OPEC+ may eventually opt to extend voluntary cutbacks, and China, implementing a series of budgetary economic stimulus measures, may increase GDP growth rates. The positions of commodities can also improve in case of signals of easing monetary policy by the world’s central banks. With an improved market situation, Brent quotes can quickly rebound closer to $90 per barrel and remain at these levels for the rest of the year.
At the same time, the conflict between Israel and Palestine cannot be ignored. This topic is still on the agenda for investors. They must continue to monitor media headlines, as any changes in the Middle East can cause a significant spike in oil prices.
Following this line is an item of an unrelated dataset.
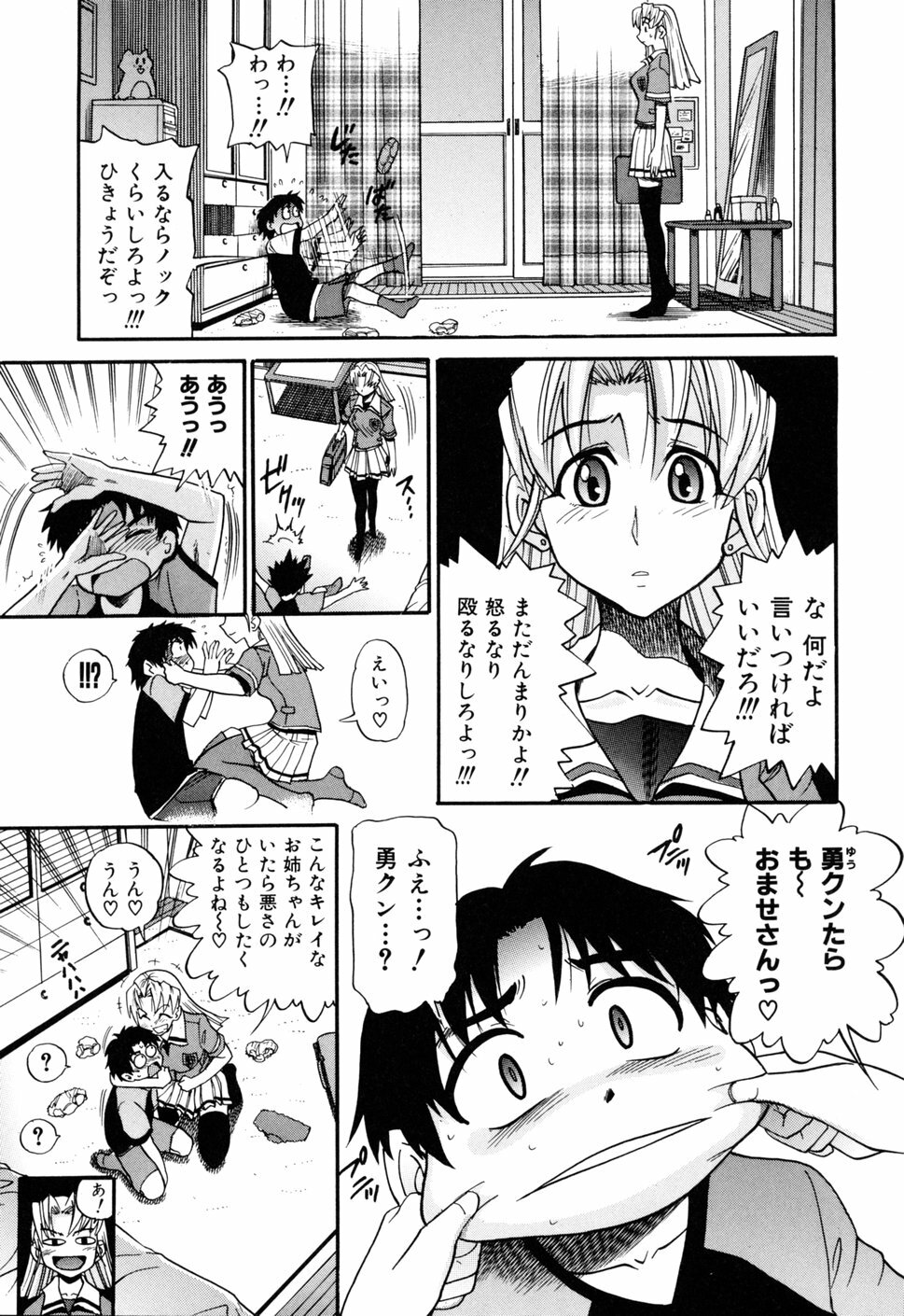 [DISTANCE] Ochiru Tenshi Vol. 1 page 15 full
Recall that at the end of October 2023, the World Bank admitted that Brent prices could rise to $157 per barrel if other countries were drawn into the war between HAMAS and Israel. And the international rating agency Fitch released a forecast indicating that due to supply constraints arising from the Israel-HAMAS conflict and tensions in the Middle East, oil prices will rise to $120 per barrel in 2024 and $100 per barrel in 2025.
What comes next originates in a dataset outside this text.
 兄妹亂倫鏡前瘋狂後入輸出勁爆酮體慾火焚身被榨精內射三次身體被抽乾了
A potential embargo by the Arab oil-producing world on the sale of hydrocarbons to Israel and its supporting countries could lead to a sharp spike in prices. But for now, the market is offsetting the risks associated with the escalation of the Palestinian-Israeli conflict.
Another factor to consider when forecasting oil market demand is Russian supplies. On the one hand, high oil prices are favorable for Russia, which is already subject to Western embargoes. In this context, Russia’s earlier promise to continue reducing supplies seemed logical. On the other hand, analysts around the world find no confirmation of these statements – they do not see a decrease, but rather an increase in Russian exports, intensifying market pressure.
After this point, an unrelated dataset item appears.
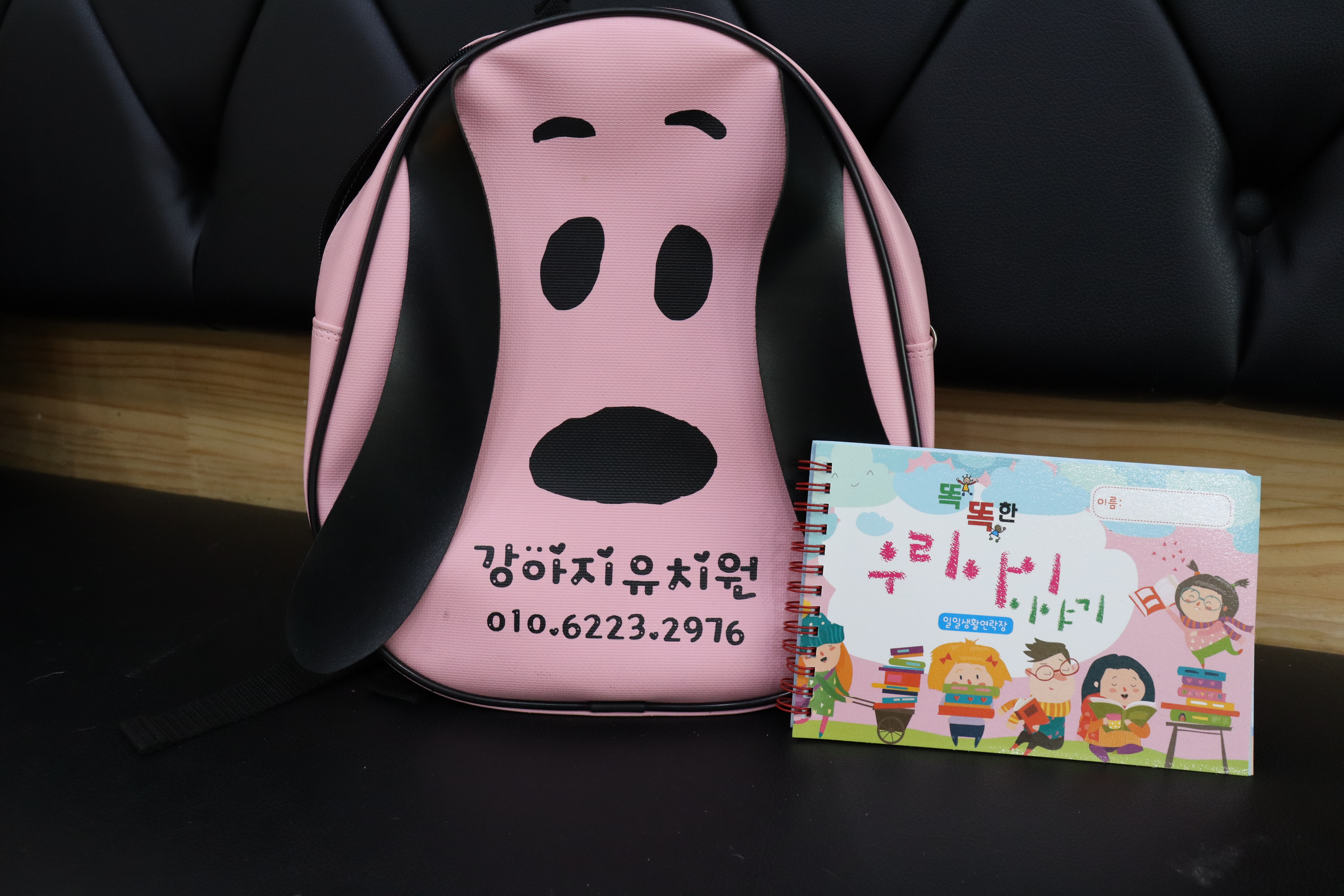 이미지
Perhaps Russia is not keen on fulfilling its promises because, as Western officials quoted by the Financial Times claim, its oil is sold nowhere in the world for less than $60. The reason for this has been revealed by Reuters, which reports, citing informed sources, that Russia is almost completely circumventing the US-imposed price cap on oil sales. About 100 maritime vessels are under suspicion for violating sanctions. Notifications about this have been sent to companies in approximately 30 countries worldwide.
However, whether Russia should fear new potential sanctions is another question. Regarding the potential impact of Western sanctions, it’s worth waiting for more details. Overall, global demand for Russian crude remains high, as does Russia’s role in the global energy market. It is quite possible that the initiators of new restrictions, like most of the previous ones, will face difficulties in their practical implementation.
At present, the export of Russian oil is significantly independent of Western companies, making it difficult for the EU to lower Urals prices below the “ceiling.”